◆ Data to examine ◆
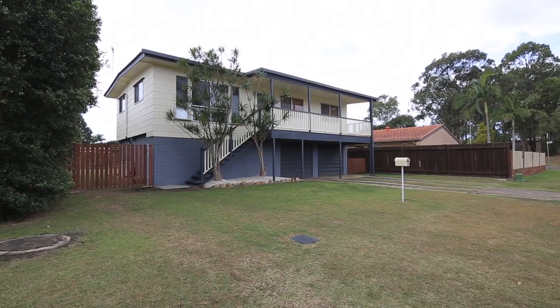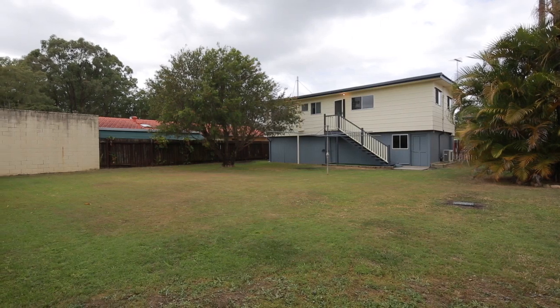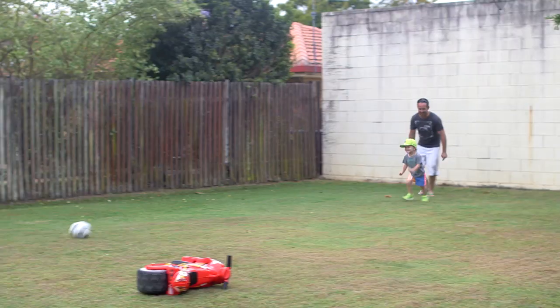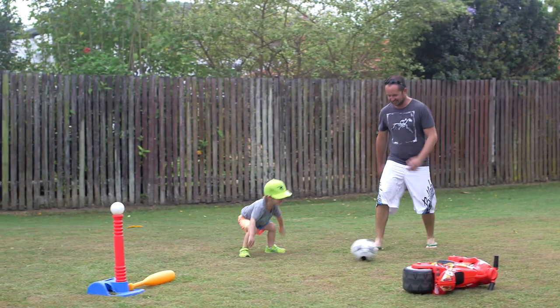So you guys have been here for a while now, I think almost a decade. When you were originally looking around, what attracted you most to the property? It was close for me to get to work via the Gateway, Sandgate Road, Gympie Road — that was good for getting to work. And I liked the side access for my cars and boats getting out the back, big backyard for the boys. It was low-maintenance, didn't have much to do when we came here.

--

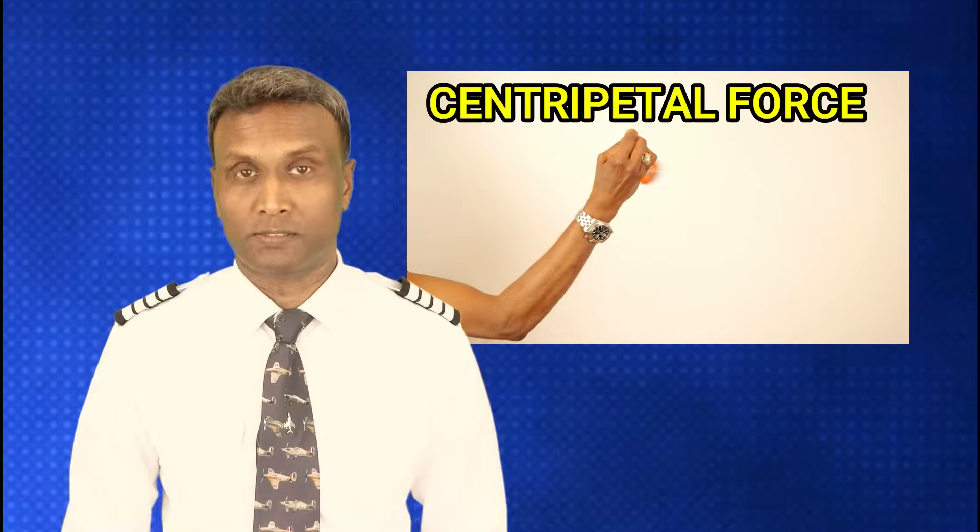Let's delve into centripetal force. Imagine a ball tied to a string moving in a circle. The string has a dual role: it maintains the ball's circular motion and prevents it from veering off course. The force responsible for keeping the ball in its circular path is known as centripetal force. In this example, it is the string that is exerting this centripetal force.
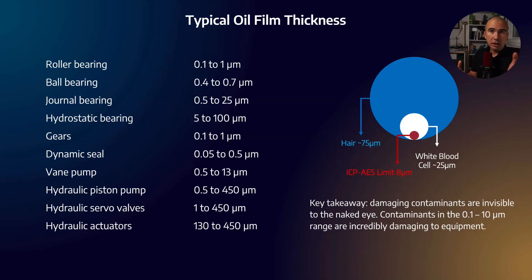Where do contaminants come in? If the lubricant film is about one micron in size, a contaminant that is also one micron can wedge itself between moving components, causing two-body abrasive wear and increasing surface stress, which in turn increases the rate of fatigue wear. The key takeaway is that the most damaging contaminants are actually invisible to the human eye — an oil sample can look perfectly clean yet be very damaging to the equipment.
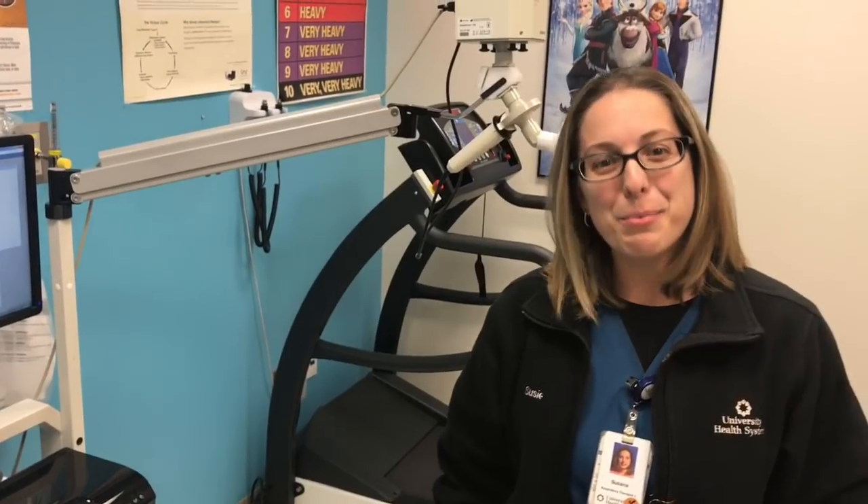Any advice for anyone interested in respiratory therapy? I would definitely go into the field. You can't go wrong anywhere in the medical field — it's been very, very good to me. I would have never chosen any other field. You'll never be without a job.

◆ Exercise prompt ◆
Reproduce the data above exactly, but only from the line containing "Let's delve into" through the line containing "Any advice for". Omit all pictures.

◆ Worked solution ◆
Let's delve into centripetal force. Imagine a ball tied to a string moving in a circle. The string has a dual role: it maintains the ball's circular motion and prevents it from veering off course. The force responsible for keeping the ball in its circular path is known as centripetal force. In this example, it is the string that is exerting this centripetal force.
Where do contaminants come in? If the lubricant film is about one micron in size, a contaminant that is also one micron can wedge itself between moving components, causing two-body abrasive wear and increasing surface stress, which in turn increases the rate of fatigue wear. The key takeaway is that the most damaging contaminants are actually invisible to the human eye — an oil sample can look perfectly clean yet be very damaging to the equipment.
Any advice for anyone interested in respiratory therapy? I would definitely go into the field. You can't go wrong anywhere in the medical field — it's been very, very good to me. I would have never chosen any other field. You'll never be without a job.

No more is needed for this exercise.